• **Required work**: Give back all the records below, unaltered.
START Data for processing
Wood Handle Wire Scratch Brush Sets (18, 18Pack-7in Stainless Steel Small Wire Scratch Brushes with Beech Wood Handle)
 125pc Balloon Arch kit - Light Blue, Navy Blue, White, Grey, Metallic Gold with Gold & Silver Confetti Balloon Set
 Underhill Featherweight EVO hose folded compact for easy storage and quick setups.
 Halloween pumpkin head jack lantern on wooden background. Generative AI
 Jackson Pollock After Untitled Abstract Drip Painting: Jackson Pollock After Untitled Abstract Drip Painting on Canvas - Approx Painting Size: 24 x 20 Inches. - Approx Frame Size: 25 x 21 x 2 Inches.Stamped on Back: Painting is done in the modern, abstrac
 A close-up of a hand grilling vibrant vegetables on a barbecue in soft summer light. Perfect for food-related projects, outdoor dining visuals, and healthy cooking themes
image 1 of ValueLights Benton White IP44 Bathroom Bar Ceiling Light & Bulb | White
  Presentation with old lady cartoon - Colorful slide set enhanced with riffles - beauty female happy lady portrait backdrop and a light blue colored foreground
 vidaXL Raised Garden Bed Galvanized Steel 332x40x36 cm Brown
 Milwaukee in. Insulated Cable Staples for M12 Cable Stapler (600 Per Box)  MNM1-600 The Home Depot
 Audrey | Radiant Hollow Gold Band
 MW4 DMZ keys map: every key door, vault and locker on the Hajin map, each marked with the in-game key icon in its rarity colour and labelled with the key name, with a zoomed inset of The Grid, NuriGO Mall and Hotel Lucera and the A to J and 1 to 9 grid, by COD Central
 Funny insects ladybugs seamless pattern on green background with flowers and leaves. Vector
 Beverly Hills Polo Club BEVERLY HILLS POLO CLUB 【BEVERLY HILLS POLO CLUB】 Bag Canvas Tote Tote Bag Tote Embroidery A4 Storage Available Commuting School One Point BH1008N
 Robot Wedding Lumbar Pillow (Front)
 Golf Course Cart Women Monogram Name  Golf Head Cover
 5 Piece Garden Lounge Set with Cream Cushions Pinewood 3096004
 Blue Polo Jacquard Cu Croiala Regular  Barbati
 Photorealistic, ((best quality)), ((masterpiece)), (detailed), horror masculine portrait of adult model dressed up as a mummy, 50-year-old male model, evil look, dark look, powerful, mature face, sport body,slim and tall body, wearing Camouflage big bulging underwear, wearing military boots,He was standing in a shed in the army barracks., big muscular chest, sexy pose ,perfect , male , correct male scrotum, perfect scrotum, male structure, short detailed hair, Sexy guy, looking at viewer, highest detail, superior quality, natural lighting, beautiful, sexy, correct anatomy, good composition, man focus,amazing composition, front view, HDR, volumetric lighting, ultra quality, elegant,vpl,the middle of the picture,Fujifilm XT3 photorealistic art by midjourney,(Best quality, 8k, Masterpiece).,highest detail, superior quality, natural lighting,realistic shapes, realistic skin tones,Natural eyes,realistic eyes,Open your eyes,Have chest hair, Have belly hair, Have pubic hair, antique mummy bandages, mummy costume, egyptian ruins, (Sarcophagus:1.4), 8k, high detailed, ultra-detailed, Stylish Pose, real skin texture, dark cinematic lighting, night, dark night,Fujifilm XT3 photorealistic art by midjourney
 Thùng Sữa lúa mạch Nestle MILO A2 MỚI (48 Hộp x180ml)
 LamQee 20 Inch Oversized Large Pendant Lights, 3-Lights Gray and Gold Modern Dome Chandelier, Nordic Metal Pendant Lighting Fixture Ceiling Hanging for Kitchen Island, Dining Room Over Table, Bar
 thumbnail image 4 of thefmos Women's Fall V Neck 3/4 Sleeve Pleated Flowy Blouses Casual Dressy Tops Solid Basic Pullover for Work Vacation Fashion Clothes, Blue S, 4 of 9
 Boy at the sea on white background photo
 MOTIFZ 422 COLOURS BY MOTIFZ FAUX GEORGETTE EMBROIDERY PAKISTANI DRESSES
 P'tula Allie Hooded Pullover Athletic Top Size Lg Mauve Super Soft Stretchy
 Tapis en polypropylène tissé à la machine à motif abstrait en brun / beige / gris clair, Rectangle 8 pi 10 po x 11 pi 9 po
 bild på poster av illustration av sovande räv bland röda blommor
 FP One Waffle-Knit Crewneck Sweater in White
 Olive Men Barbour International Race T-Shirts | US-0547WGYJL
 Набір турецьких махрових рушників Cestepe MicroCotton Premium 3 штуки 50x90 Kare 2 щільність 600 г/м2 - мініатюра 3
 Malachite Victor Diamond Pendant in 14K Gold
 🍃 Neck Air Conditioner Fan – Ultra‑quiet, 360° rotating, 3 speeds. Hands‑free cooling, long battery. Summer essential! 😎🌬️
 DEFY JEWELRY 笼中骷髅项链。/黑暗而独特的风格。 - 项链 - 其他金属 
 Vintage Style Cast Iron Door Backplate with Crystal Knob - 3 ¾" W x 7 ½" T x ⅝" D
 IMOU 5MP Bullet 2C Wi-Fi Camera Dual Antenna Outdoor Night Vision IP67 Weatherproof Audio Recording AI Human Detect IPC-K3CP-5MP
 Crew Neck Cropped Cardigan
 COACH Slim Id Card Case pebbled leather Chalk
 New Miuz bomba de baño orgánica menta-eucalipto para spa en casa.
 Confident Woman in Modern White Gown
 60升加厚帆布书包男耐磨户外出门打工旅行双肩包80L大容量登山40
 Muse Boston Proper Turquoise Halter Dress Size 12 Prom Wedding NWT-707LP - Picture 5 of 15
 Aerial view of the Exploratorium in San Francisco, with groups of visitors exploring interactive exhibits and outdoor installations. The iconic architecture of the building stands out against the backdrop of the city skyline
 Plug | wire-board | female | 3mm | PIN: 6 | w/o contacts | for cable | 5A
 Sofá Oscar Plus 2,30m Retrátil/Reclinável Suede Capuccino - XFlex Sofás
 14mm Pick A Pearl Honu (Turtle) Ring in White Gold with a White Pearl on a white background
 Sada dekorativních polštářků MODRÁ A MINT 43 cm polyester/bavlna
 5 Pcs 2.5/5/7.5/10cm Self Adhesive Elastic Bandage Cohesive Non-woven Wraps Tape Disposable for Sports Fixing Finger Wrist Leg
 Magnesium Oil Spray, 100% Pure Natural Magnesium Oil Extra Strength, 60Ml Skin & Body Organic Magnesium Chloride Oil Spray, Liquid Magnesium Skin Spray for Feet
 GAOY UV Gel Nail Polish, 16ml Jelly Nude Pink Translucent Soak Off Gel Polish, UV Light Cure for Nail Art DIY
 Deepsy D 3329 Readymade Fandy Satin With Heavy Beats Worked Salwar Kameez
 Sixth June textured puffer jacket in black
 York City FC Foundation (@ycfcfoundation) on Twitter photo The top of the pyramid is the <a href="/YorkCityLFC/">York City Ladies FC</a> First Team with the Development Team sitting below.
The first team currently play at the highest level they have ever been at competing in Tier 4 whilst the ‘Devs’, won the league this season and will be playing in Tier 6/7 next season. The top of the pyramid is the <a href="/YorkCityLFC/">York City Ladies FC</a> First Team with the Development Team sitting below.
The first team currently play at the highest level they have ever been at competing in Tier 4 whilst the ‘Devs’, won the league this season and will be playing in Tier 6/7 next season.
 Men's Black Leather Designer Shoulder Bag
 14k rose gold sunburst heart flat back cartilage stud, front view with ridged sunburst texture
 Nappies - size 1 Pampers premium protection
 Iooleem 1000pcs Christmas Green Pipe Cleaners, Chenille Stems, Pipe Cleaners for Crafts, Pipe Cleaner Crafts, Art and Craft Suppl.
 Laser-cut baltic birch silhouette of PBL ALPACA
END Data for processing
• **Your response**:
Wood Handle Wire Scratch Brush Sets (18, 18Pack-7in Stainless Steel Small Wire Scratch Brushes with Beech Wood Handle)
 125pc Balloon Arch kit - Light Blue, Navy Blue, White, Grey, Metallic Gold with Gold & Silver Confetti Balloon Set
 Underhill Featherweight EVO hose folded compact for easy storage and quick setups.
 Halloween pumpkin head jack lantern on wooden background. Generative AI
 Jackson Pollock After Untitled Abstract Drip Painting: Jackson Pollock After Untitled Abstract Drip Painting on Canvas - Approx Painting Size: 24 x 20 Inches. - Approx Frame Size: 25 x 21 x 2 Inches.Stamped on Back: Painting is done in the modern, abstrac
 A close-up of a hand grilling vibrant vegetables on a barbecue in soft summer light. Perfect for food-related projects, outdoor dining visuals, and healthy cooking themes
image 1 of ValueLights Benton White IP44 Bathroom Bar Ceiling Light & Bulb | White
  Presentation with old lady cartoon - Colorful slide set enhanced with riffles - beauty female happy lady portrait backdrop and a light blue colored foreground
 vidaXL Raised Garden Bed Galvanized Steel 332x40x36 cm Brown
 Milwaukee in. Insulated Cable Staples for M12 Cable Stapler (600 Per Box)  MNM1-600 The Home Depot
 Audrey | Radiant Hollow Gold Band
 MW4 DMZ keys map: every key door, vault and locker on the Hajin map, each marked with the in-game key icon in its rarity colour and labelled with the key name, with a zoomed inset of The Grid, NuriGO Mall and Hotel Lucera and the A to J and 1 to 9 grid, by COD Central
 Funny insects ladybugs seamless pattern on green background with flowers and leaves. Vector
 Beverly Hills Polo Club BEVERLY HILLS POLO CLUB 【BEVERLY HILLS POLO CLUB】 Bag Canvas Tote Tote Bag Tote Embroidery A4 Storage Available Commuting School One Point BH1008N
 Robot Wedding Lumbar Pillow (Front)
 Golf Course Cart Women Monogram Name  Golf Head Cover
 5 Piece Garden Lounge Set with Cream Cushions Pinewood 3096004
 Blue Polo Jacquard Cu Croiala Regular  Barbati
 Photorealistic, ((best quality)), ((masterpiece)), (detailed), horror masculine portrait of adult model dressed up as a mummy, 50-year-old male model, evil look, dark look, powerful, mature face, sport body,slim and tall body, wearing Camouflage big bulging underwear, wearing military boots,He was standing in a shed in the army barracks., big muscular chest, sexy pose ,perfect , male , correct male scrotum, perfect scrotum, male structure, short detailed hair, Sexy guy, looking at viewer, highest detail, superior quality, natural lighting, beautiful, sexy, correct anatomy, good composition, man focus,amazing composition, front view, HDR, volumetric lighting, ultra quality, elegant,vpl,the middle of the picture,Fujifilm XT3 photorealistic art by midjourney,(Best quality, 8k, Masterpiece).,highest detail, superior quality, natural lighting,realistic shapes, realistic skin tones,Natural eyes,realistic eyes,Open your eyes,Have chest hair, Have belly hair, Have pubic hair, antique mummy bandages, mummy costume, egyptian ruins, (Sarcophagus:1.4), 8k, high detailed, ultra-detailed, Stylish Pose, real skin texture, dark cinematic lighting, night, dark night,Fujifilm XT3 photorealistic art by midjourney
 Thùng Sữa lúa mạch Nestle MILO A2 MỚI (48 Hộp x180ml)
 LamQee 20 Inch Oversized Large Pendant Lights, 3-Lights Gray and Gold Modern Dome Chandelier, Nordic Metal Pendant Lighting Fixture Ceiling Hanging for Kitchen Island, Dining Room Over Table, Bar
 thumbnail image 4 of thefmos Women's Fall V Neck 3/4 Sleeve Pleated Flowy Blouses Casual Dressy Tops Solid Basic Pullover for Work Vacation Fashion Clothes, Blue S, 4 of 9
 Boy at the sea on white background photo
 MOTIFZ 422 COLOURS BY MOTIFZ FAUX GEORGETTE EMBROIDERY PAKISTANI DRESSES
 P'tula Allie Hooded Pullover Athletic Top Size Lg Mauve Super Soft Stretchy
 Tapis en polypropylène tissé à la machine à motif abstrait en brun / beige / gris clair, Rectangle 8 pi 10 po x 11 pi 9 po
 bild på poster av illustration av sovande räv bland röda blommor
 FP One Waffle-Knit Crewneck Sweater in White
 Olive Men Barbour International Race T-Shirts | US-0547WGYJL
 Набір турецьких махрових рушників Cestepe MicroCotton Premium 3 штуки 50x90 Kare 2 щільність 600 г/м2 - мініатюра 3
 Malachite Victor Diamond Pendant in 14K Gold
 🍃 Neck Air Conditioner Fan – Ultra‑quiet, 360° rotating, 3 speeds. Hands‑free cooling, long battery. Summer essential! 😎🌬️
 DEFY JEWELRY 笼中骷髅项链。/黑暗而独特的风格。 - 项链 - 其他金属 
 Vintage Style Cast Iron Door Backplate with Crystal Knob - 3 ¾" W x 7 ½" T x ⅝" D
 IMOU 5MP Bullet 2C Wi-Fi Camera Dual Antenna Outdoor Night Vision IP67 Weatherproof Audio Recording AI Human Detect IPC-K3CP-5MP
 Crew Neck Cropped Cardigan
 COACH Slim Id Card Case pebbled leather Chalk
 New Miuz bomba de baño orgánica menta-eucalipto para spa en casa.
 Confident Woman in Modern White Gown
 60升加厚帆布书包男耐磨户外出门打工旅行双肩包80L大容量登山40
 Muse Boston Proper Turquoise Halter Dress Size 12 Prom Wedding NWT-707LP - Picture 5 of 15
 Aerial view of the Exploratorium in San Francisco, with groups of visitors exploring interactive exhibits and outdoor installations. The iconic architecture of the building stands out against the backdrop of the city skyline
 Plug | wire-board | female | 3mm | PIN: 6 | w/o contacts | for cable | 5A
 Sofá Oscar Plus 2,30m Retrátil/Reclinável Suede Capuccino - XFlex Sofás
 14mm Pick A Pearl Honu (Turtle) Ring in White Gold with a White Pearl on a white background
 Sada dekorativních polštářků MODRÁ A MINT 43 cm polyester/bavlna
 5 Pcs 2.5/5/7.5/10cm Self Adhesive Elastic Bandage Cohesive Non-woven Wraps Tape Disposable for Sports Fixing Finger Wrist Leg
 Magnesium Oil Spray, 100% Pure Natural Magnesium Oil Extra Strength, 60Ml Skin & Body Organic Magnesium Chloride Oil Spray, Liquid Magnesium Skin Spray for Feet
 GAOY UV Gel Nail Polish, 16ml Jelly Nude Pink Translucent Soak Off Gel Polish, UV Light Cure for Nail Art DIY
 Deepsy D 3329 Readymade Fandy Satin With Heavy Beats Worked Salwar Kameez
 Sixth June textured puffer jacket in black
 York City FC Foundation (@ycfcfoundation) on Twitter photo The top of the pyramid is the <a href="/YorkCityLFC/">York City Ladies FC</a> First Team with the Development Team sitting below.
The first team currently play at the highest level they have ever been at competing in Tier 4 whilst the ‘Devs’, won the league this season and will be playing in Tier 6/7 next season. The top of the pyramid is the <a href="/YorkCityLFC/">York City Ladies FC</a> First Team with the Development Team sitting below.
The first team currently play at the highest level they have ever been at competing in Tier 4 whilst the ‘Devs’, won the league this season and will be playing in Tier 6/7 next season.
 Men's Black Leather Designer Shoulder Bag
 14k rose gold sunburst heart flat back cartilage stud, front view with ridged sunburst texture
 Nappies - size 1 Pampers premium protection
 Iooleem 1000pcs Christmas Green Pipe Cleaners, Chenille Stems, Pipe Cleaners for Crafts, Pipe Cleaner Crafts, Art and Craft Suppl.
 Laser-cut baltic birch silhouette of PBL ALPACA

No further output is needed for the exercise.